Con questi presupposti, non stupisce che il semestre polacco alla presidenza del Consiglio europeo, cominciato il 1 gennaio, abbia come tema principale quello della sicurezza comunitaria. Sicurezza intesa non solo come interna ed esterna, ma anche delle informazioni, energetica, economica, alimentare e sanitaria. Il riavvicinamento tra Varsavia e le istituzioni europee, fortemente voluto da Tusk, ha portato, nel maggio 2024, alla fine della procedura di infrazione, partita nel 2017, nei confronti della Polonia per le violazioni dello stato di diritto. La presidente della Commissione europea, Ursula von der Leyen, ha apprezzato le azioni del governo polacco, affermando che “il ripristino in corso dello stato di diritto è importante per il popolo polacco e per l’Ue nel suo insieme”.

Il primo effetto positivo è stato lo sblocco di 137 miliardi di euro di fondi europei, di cui 35 per il 2025. Proprio i fondi europei – 232 miliardi tra il 2004 e il 2022 – di cui la Polonia ha usufruito dal suo ingresso nell’Unione hanno permesso, secondo l’Istituto economico polacco, una crescita del Pil più alta del 40% rispetto a quella stimata senza l’adesione.

Miniere e investimenti

Varsavia vuole attrarre almeno 650 miliardi di zloty (155 miliardi di euro) di investimenti all’anno in settori chiave, come la logistica, l’energia verde e l’intelligenza artificiale. Sono previsti la costruzione di un porto per container a Swinoujscie, sul Mar Baltico, e, entro il 2032, 43 miliardi di euro per lo sviluppo e il rinnovamento della rete ferroviaria.
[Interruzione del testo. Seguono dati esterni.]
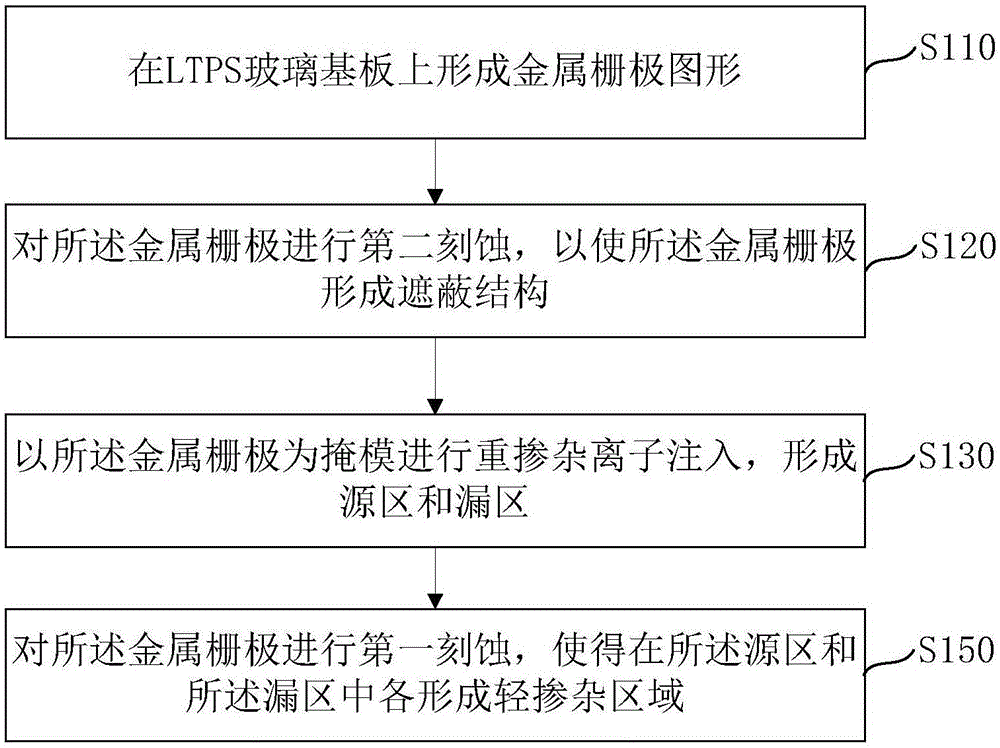 MOS pipe and preparation method thereof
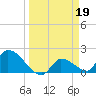 Tide chart for Flamingo, Florida Bay, Florida on 2023/03/19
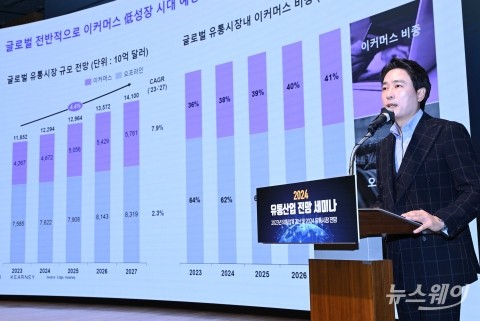 '글로벌 유통산업 트렌드 및 주요 이슈' 주제로 강연하는 안태희 부사장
Altro obiettivo del governo è triplicare la movimentazione di merci nei porti entro il 2030.

Un settore rilevante per l’industria è quello dell’estrazione e della produzione di rame. In Europa la Polonia è seconda solo alla Russia per la produzione, con circa 600mila tonnellate annue provenienti principalmente dalle miniere della Bassa Slesia. Il rame, imprescindibile per la transizione green e per lo sviluppo tecnologico, già oggi rappresenta tra i 3 e i 5 miliardi di euro di export all’anno, di cui un quarto verso la Germania. Dal punto di vista dell’approvvigionamento energetico, poi, la Polonia, per sopperire alla mancanza del gas russo, ha pianificato un investimento da 1,2 miliardi per la costruzione di una nuova centrale nucleare. Ferreo atlantismo, sostegno incondizionato alla causa ucraina ed europeismo. Questi i mantra del governo Tusk, senza dimenticare la creazione di un grande esercito moderno. I latini dicevano: ‘Si vis pacem, para bellum’. Se vuoi la pace, preparati alla guerra. Detto che i polacchi hanno preso molto sul serio.